City Council votes to move ahead with building a shelter on Ethan Way
The Sacramento City Council voted unanimously Tuesday to authorize the city manager to build a homeless shelter planned for a parking lot near the intersection of Ethan and Hurley ways.
Councilmember Jeff Harris, Mayor Darrell Steinberg and city staff have been negotiating for months with Cal Expo over use of the property. The goal is to build a Sprung structure type of building that would provide shelter and services for 100 adults at a time.
The estimated cost for design and construction of Lot P is $3.8 million. It would cost an estimated $5.2 million to operate the shelter for two years.
.This new low-barrier shelter would be modeled on the city’s existing Triage Shelter on Railroad Drive, which accepts people with their pets, partners and possessions.

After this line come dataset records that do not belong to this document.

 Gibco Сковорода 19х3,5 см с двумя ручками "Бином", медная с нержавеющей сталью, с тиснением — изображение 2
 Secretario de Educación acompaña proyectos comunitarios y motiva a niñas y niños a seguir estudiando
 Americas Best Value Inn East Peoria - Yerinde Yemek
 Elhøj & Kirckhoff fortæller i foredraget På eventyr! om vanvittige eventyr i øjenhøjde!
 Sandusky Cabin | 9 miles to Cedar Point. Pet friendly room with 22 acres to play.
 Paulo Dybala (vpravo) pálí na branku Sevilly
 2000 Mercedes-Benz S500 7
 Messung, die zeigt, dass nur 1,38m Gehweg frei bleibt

“When you lower barriers, you can serve people who have not historically been served,” said City Homeless Services Coordinator Emily Halcon. “Our population is older, sicker, and has more behavioral health issues. These are the people who have been outside the longest and are the most disconnected.”
About 34 percent of those who have entered the Triage Shelter have since exited to some form of more permanent housing, including many people who had been on the streets for years. Halcon said the results are similar or better to those from shelters that serve a less troubled population.
Mayor Steinberg said he expects three more low-barrier shelter sites to come to City Council on April 23, including two shelters proposed by Councilmember Jay Schenirer for sites in his district, one on Florin Road and one near Broadway and the W/X freeway next to Curtis Park, Oak Park and midtown.
Once the city reaches a final agreement with Cal Expo, Steinberg said, city staff has said it will take six months to erect a shelter. “I wish it could be tomorrow,” he said.
Mayor Steinberg has called on each of his council colleagues to locate 100 shelter beds in their districts, for a total of 800 beds citywide. The majority of the Council members have said they endorse this approach. So far, Harris and Schenirer are the only ones who have publicly announced sites.
Councilmember Steve Hansen said Tuesday he expects to announce a shelter site in his District 4, which includes midtown and downtown, within the next week or so.
“I hope the rest of my colleagues will do the same,” he said. “The only way we’re going to solve this condition is by building shelters.
“These shelters are essential to resolving the community’s concerns.,” Hansen added. “Every day I get 100 complaints about homelessness. This is the thing on the community’s mind. Unless we build shelters, the half million people we represent aren’t going to be happy. “
Shelter proposals have been greeted with public controversy, but council members Tuesday stressed that the shelters are intended to serve people who are already homeless in a given neighborhood. They will include on-site services, security and cleanup crews to mitigate any impact on the surrounding neighborhoods.
“People have asked me why I support homeless shelters,” said Councilmember Jeff Harris. “If we do nothing, we know where we’re headed: More homelessness, more poverty on the streets…..more people falling through the cracks and into despair.”
The Council vote Tuesday also authorized the use of $300,000 in Measure U funds to add four more employees to the city’s Homeless Services Division, headed by Halcon.
Mayor Steinberg has proposed a $40 million plan to address homelessness over the next two years that would be paid for with a combination of state, city and private funds, including $16 million in one-time Measure U funds.